All incident ESA users were characterized at baseline, in terms of demographics, clinical parameters (e.g. hemoglobinemia and hematic level of creatinine, albumin, ferritin, folate, potassium, sideremia, parathyroid hormone, vitamin B12, C-reactive protein (CRP), and transferrin saturation), comorbidities including arrhythmia, ischemic heart diseases, diabetes mellitus, heart failure and hypertension, and concomitant use of iron preparations, folic acid, vitamin B12 and ACE inhibitors/ARBs.
During follow-up, the distribution of mean Hb values among incident ESA users was calculated.
The differences between the baseline Hb and each outcome Hb value were calculated and defined as delta Hb (ΔHb).
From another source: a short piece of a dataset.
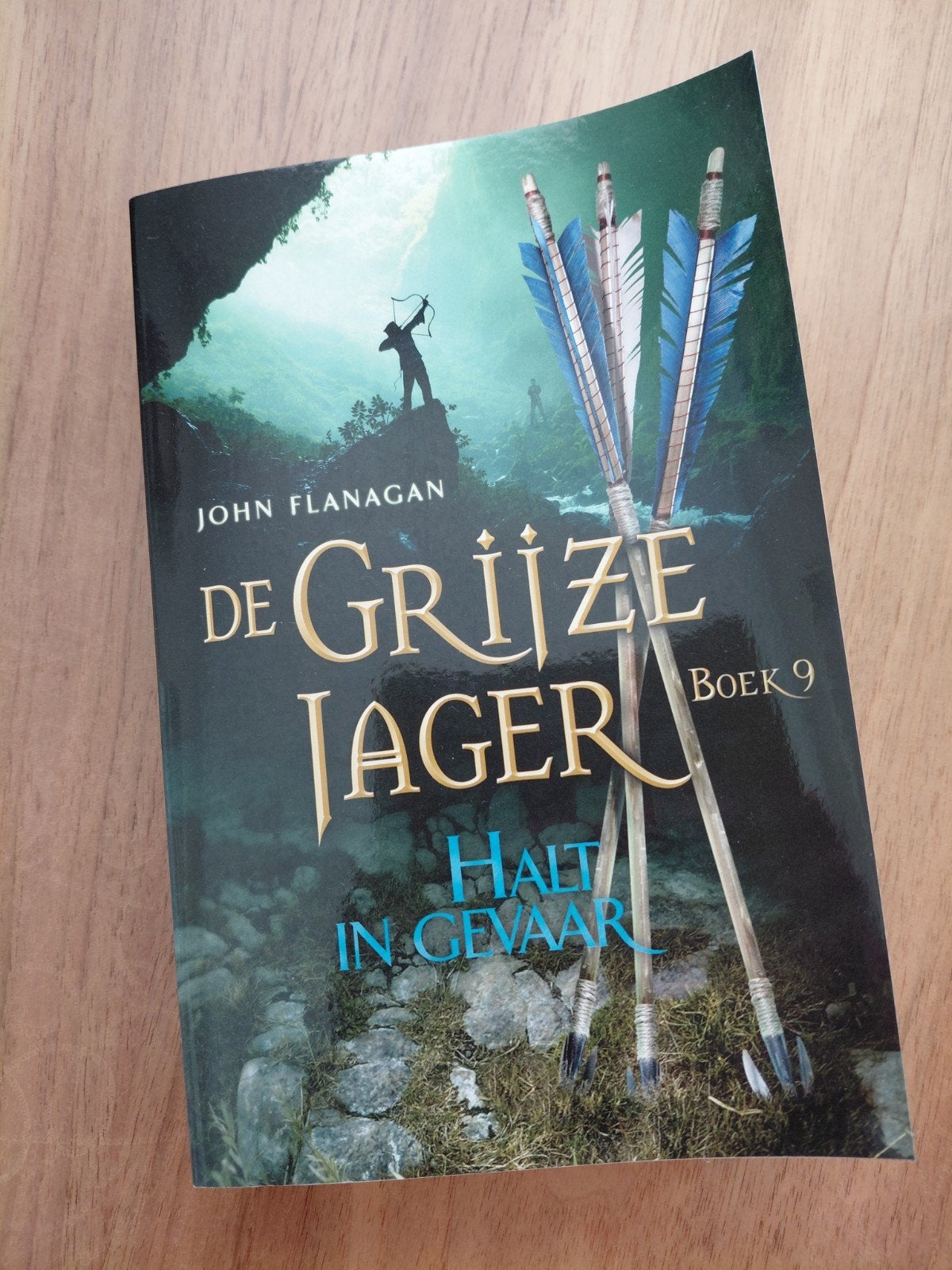 De Grijze Jager Boek 9: Halt in Gevaar - John Flanagan, Ophalen of Verzenden, Nieuw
Incident ESA users were classified as ESA hyporesponsive if, during follow-up, they registered at least one ΔHb < 0 g/dL. Only incident ESA users having a baseline Hb value lower than 11 g/dL were included in these analyses.
All analyses were stratified by indication for use.
Sensitivity analysis
Due to the lack of a shared position on the description of ESA hyporesponsiveness, the definition of ESA hyporesponsiveness was modified in the sensitivity analyses. Incident ESA users with at least two consecutive outcome Hb values ≥11 g/dL, were classified as ESA responders, irrespective of ΔHb. Elsewhere, they were considered as ESA hyporesponsive patients.
Statistical analysis
Depending on the distribution for quantitative variables, results were presented as mean ± standard deviation (SD) or median with interquartile range (IQR), and by absolute frequencies and percentages for categorical variables.
Univariate and multivariate binary logistic regression models were performed to identify predictors of ESA hyporesponsiveness, stratifying by indication for use (CKD and cancer). The dependent variable of the model was the hyporesponsiveness to ESA treatment, that is at least once ΔHb < 0 g/dL.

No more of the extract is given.